Authorization Server on sTEROIDs.
Asteroid is an OAuth2 server designed for performance, extensibility and maintenability. It benefits from the high performances and reliability of the Erlang Virtual Machine.
This project is no longer maintained and is not suitable for use in production. In
particular, the identity backend (AttributeRepository
) is buggy, does not support
SQL databases and needs a major rewrite. Other components (such as object stores,
crypto backend, ...) and the whole application would need some rewriting too.
It is unlikely the author will find time to work on this project in the future.
Asteroid supports the following specifications:
- OAuth2:
- The OAuth 2.0 Authorization Framework (RFC6749)
- The OAuth 2.0 Authorization Framework: Bearer Token Usage (RFC6750)
with
APIacAuthBearer
- OAuth 2.0 Token Introspection (RFC7662)
- OAuth 2.0 Token Revocation (RFC7009)
- Proof Key for Code Exchange by OAuth Public Clients (RFC7636)
- OAuth 2.0 Dynamic Client Registration Protocol (RFC7591)
- OAuth 2.0 Authorization Server Metadata (RFC8414)
- OAuth 2.0 Device Authorization Grant (RFC8628)
- JSON Web Token (JWT) Profile for OAuth 2.0 Access Tokens (draft-ietf-oauth-access-token-jwt-00)
- OpenID Connect:
Asteroid strives to fully implement the specifications.
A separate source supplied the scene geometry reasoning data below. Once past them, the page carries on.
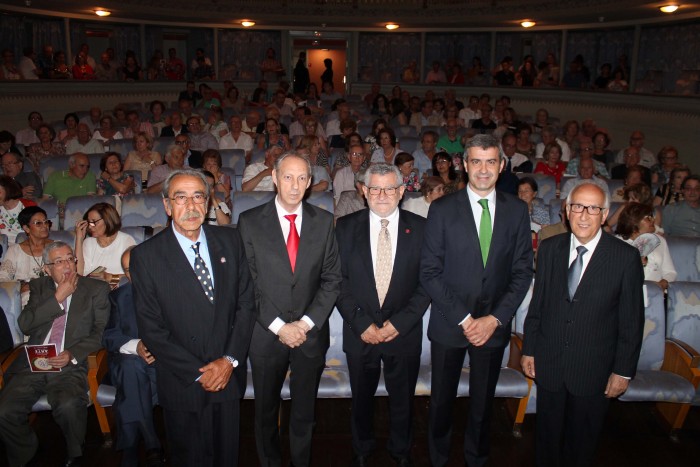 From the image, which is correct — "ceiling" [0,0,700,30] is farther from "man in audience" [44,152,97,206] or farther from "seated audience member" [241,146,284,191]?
"seated audience member" [241,146,284,191]

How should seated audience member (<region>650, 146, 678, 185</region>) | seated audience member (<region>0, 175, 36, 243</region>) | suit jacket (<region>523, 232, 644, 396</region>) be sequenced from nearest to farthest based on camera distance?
suit jacket (<region>523, 232, 644, 396</region>) < seated audience member (<region>0, 175, 36, 243</region>) < seated audience member (<region>650, 146, 678, 185</region>)

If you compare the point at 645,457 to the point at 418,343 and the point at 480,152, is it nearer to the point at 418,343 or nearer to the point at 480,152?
the point at 418,343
For specifics about support, refer to the documentation.
The demo_auth_workflow
branch implements two flows. Refer to the documentation for more
information.
First, install Elixir. Then clone this repository and launch Asteroid:
git clone https://github.com/tanguilp/asteroid.git
cd asteroid/
mix deps.get
iex -S mix phx.server
You can build documentation using mix:
mix docs
The documentation is generated in the doc/
folder.
It is also published here.
It contains information related to the use of the test application in the "Running the demo app" section.